Even if this was woefully little, especially to the citizens in the poorer sections of society in Scotland, it was some acknowledgement that the economic benefits of independence had to be quantified. £500 back then would now be approaching £700. But £700 now would barely pay a quarter of a year of the new increased energy bills.
Second, those that need to be better off are the poorer and not the richer and it is the poorer that are the mass of the electorate that need to be convinced they will be substantially economically better off under independence. Essentially, and to put it somewhat bluntly, independence needs to appeal economically to the working-class and not middle-class. This is all the more so now that we are in a cost of living crisis with inflation at more than 10% and where a new wave of austerity in public spending is about to be unleashed by the Tories.
Taken together, what this means is that the economic appeal in order to win the next independence referendum is not one to be one concerned with reassuring the international money markets, overseas investors or financial speculators.
Instead, it must be one where, through the real value of wages, the social wage (of welfare benefits, value of public services) and taxation, working people can be sure they and their families will materially be better off.

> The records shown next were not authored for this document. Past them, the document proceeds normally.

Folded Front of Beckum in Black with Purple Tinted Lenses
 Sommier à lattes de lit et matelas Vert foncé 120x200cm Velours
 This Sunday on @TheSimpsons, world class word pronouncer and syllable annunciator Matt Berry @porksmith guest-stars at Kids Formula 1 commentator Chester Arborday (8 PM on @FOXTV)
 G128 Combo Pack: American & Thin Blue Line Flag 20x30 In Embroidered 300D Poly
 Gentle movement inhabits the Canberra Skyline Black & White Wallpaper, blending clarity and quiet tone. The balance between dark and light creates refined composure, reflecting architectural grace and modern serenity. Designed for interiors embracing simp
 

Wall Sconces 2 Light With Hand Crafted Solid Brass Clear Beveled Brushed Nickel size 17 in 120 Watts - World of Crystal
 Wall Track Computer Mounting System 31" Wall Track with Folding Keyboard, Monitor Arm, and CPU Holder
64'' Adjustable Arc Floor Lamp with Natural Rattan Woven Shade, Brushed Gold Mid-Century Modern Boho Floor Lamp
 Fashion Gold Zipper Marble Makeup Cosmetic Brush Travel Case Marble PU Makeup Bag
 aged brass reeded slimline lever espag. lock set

When it comes down to it, this is about class and not nation. “Scotland” and the society within it is not a homogeneous mass. It is one that is riven by class divisions: divisions of power, resources, interests and ideology and by social class, where wealth is an obvious differentiating component. Those that work for their living and do so for rewards that are not great are the working-class. Those that work for their living but do so for great rewards are the middle-class.
This is not just an argument about fairness – the poorer should no longer be so. There is that but it is also an argument about strategy and tactics. Workers and the working-class are objectively the largest social class in Scotland as elsewhere. Here, it is a numbers game. Assuming that members of the working-class are registered to vote and are willing to vote, both of which are issues, convincing them that they will be better off will be the decider come the next referendum. It will not be the middle-class commentariat or BBC that does so. Getting all register to vote, then voting, and voting Yes will most easily be accomplished by making the case to them for their quantifiable economic betterment post-independence.
Professor Gregor Gall is editor of ‘A New Scotland: Building an Equal, Fair and Sustainable Society’ (Pluto Press)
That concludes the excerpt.